Within the listing below, give again exactly the lines between the one containing "Use the display" and the one containing "Hello everyone. We", inclusive, pictures left aside.

DATA SHOWN.
________________________
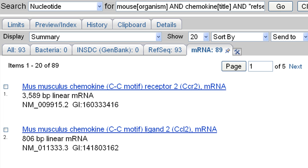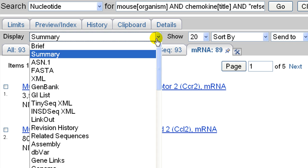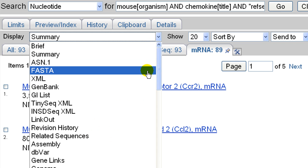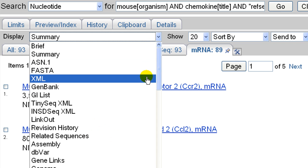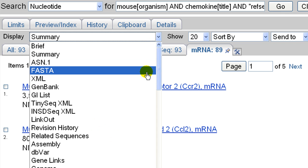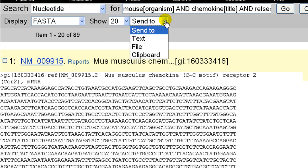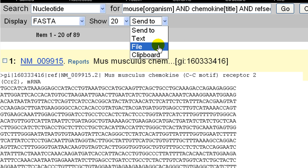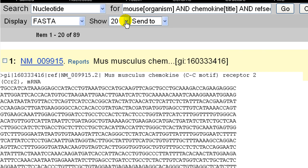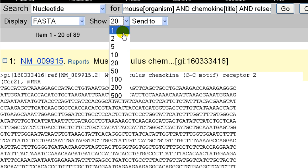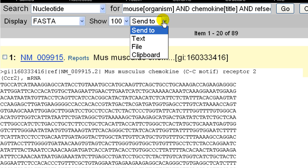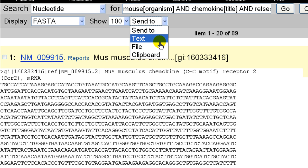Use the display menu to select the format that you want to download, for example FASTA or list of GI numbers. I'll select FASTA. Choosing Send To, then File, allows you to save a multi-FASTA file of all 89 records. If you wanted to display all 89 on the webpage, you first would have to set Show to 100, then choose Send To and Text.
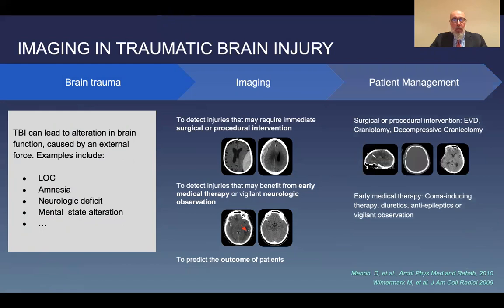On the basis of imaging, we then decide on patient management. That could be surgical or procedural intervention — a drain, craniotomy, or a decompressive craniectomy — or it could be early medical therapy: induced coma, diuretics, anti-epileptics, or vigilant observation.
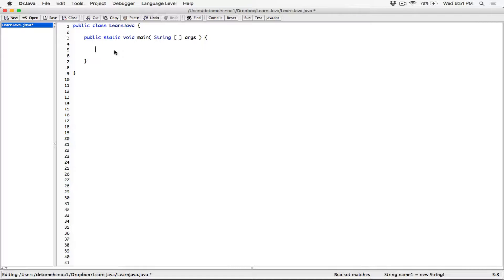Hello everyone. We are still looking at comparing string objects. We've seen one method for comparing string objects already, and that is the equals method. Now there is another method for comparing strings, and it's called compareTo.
________________________
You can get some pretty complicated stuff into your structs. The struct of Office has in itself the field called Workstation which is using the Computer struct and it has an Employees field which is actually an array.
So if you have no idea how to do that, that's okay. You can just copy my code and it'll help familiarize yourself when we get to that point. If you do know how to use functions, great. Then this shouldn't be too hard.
________________________
SOLUTION.
Use the display menu to select the format that you want to download, for example FASTA or list of GI numbers. I'll select FASTA. Choosing Send To, then File, allows you to save a multi-FASTA file of all 89 records. If you wanted to display all 89 on the webpage, you first would have to set Show to 100, then choose Send To and Text.
On the basis of imaging, we then decide on patient management. That could be surgical or procedural intervention — a drain, craniotomy, or a decompressive craniectomy — or it could be early medical therapy: induced coma, diuretics, anti-epileptics, or vigilant observation.
Hello everyone. We are still looking at comparing string objects. We've seen one method for comparing string objects already, and that is the equals method. Now there is another method for comparing strings, and it's called compareTo.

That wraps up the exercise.